Pada saat pengungsian juga ada masyarakat yang hamil dan meninggal saat melahirkan:

  • Leribina Gwijangge, umur 20 tahun, ibu hamil meninggal dalam pengungsian.
  • Lerni Gwijangge, umur 18 tahun, ibu hamil meninggal dalam pengungsian di hutan
  • Elsina Kogoya, umur 35 tahun, ibu hamil meninggal dalam pengungsian di hutan.
  • Bobina Kogoya, umur 16 tahun, ibu hamil dan meninggal dalam pengungsian di hutan.
  • Selfina Lokbere, umur 32 tahun, ibu hamil, meninggal saat melahirkan anak kembar.

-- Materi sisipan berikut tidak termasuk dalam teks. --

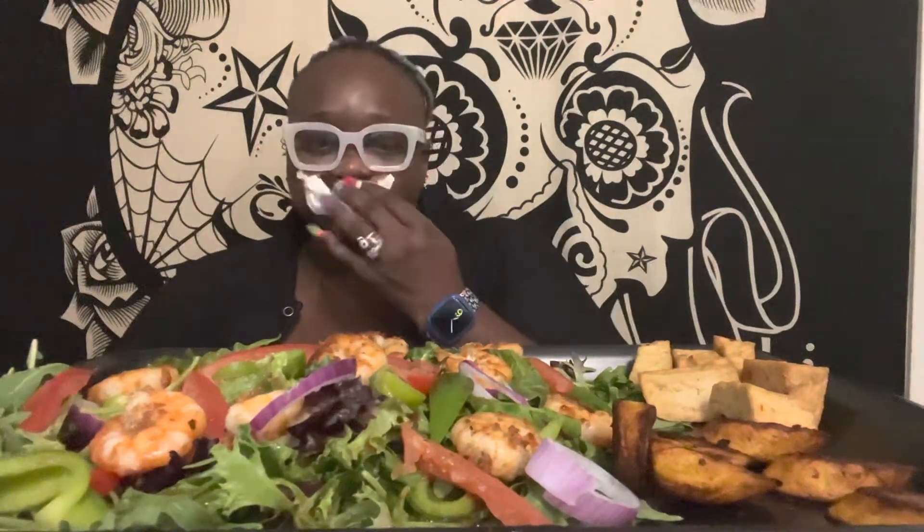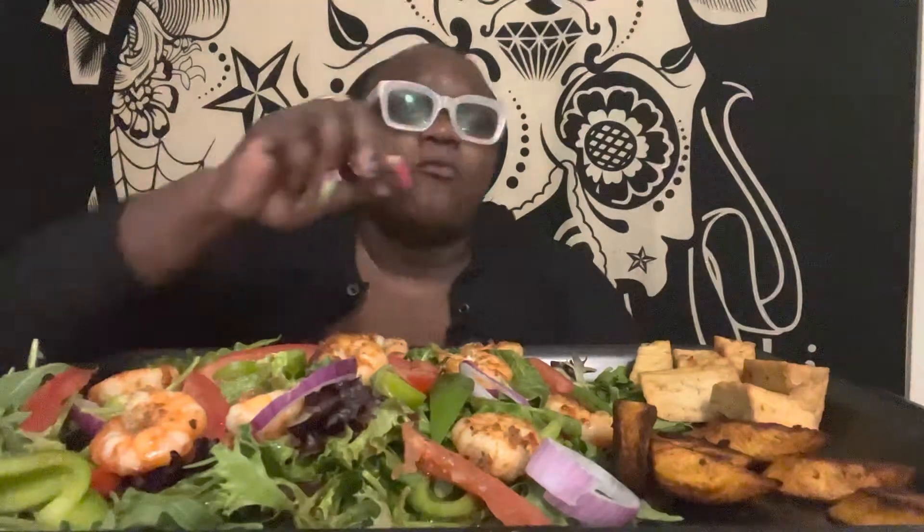I'm quite happy with the salad, y'all, and this balsamic vinaigrette — that's just day one. That's really good, y'all. What are y'all having? Comment down below, because I wanna know. And I need new recipes, guys — drop me some recipe ideas in the comments.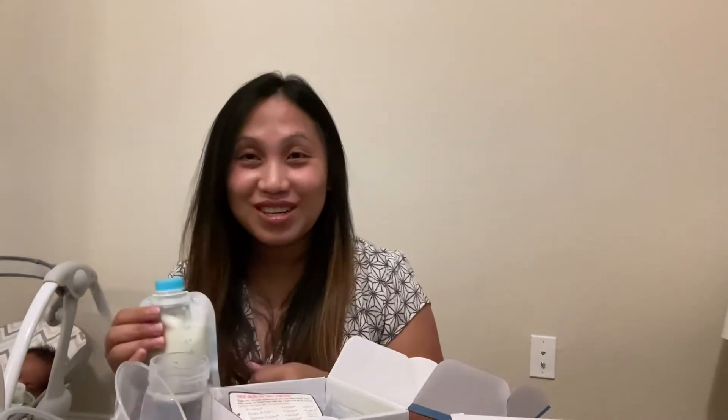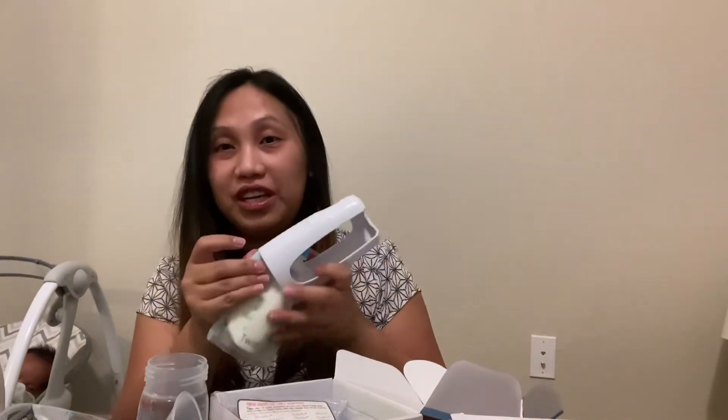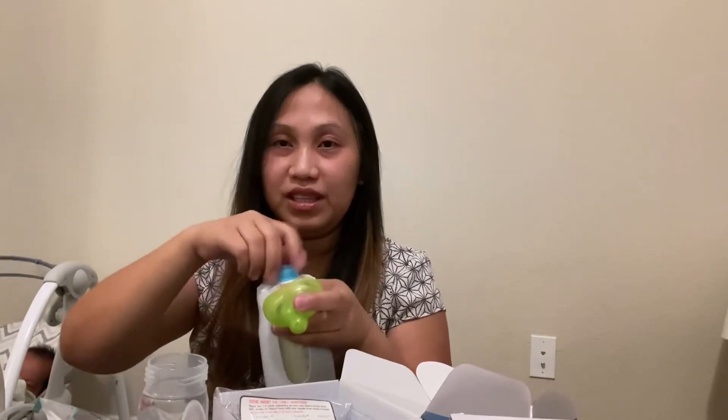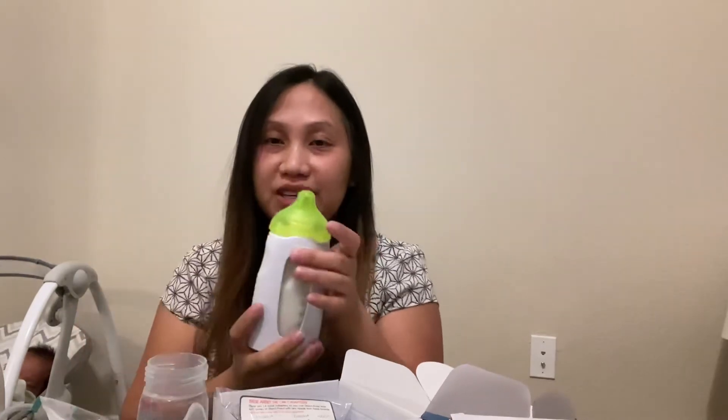You can attach this to a bottle and feed the baby that way. Or here's an even better idea — what's included in the box: you click this piece on, hear the clicking sound, open this cover, and they include a nipple. Put the nipple in and you're ready to feed the baby right from the pouch. See how easy that is!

Akibat Operasi Maleo ini, masih banyak masyarakat korban berada di hutan belantara. Banyak korban belum terdata sepenuhnya akibat dibatasi oleh TNI/POLRI. Terdapat juga hewan-hewan peliharaan yang mati ditembak, dibunuh oleh TNI/POLRI yang melakukan penyisiran. Juga Honai masyarakat dibakar. Alat perabot rumah seperti panah busur, tas/noken, dan lain-lain dihancurkan/dirusak ketika operasi maleo tersebut dilakukan di Nduga dalam bulan Desember 2018 dan Januari 2019.

Saat ini kondisi Nduga darurat. Operasi militer bukan solusi.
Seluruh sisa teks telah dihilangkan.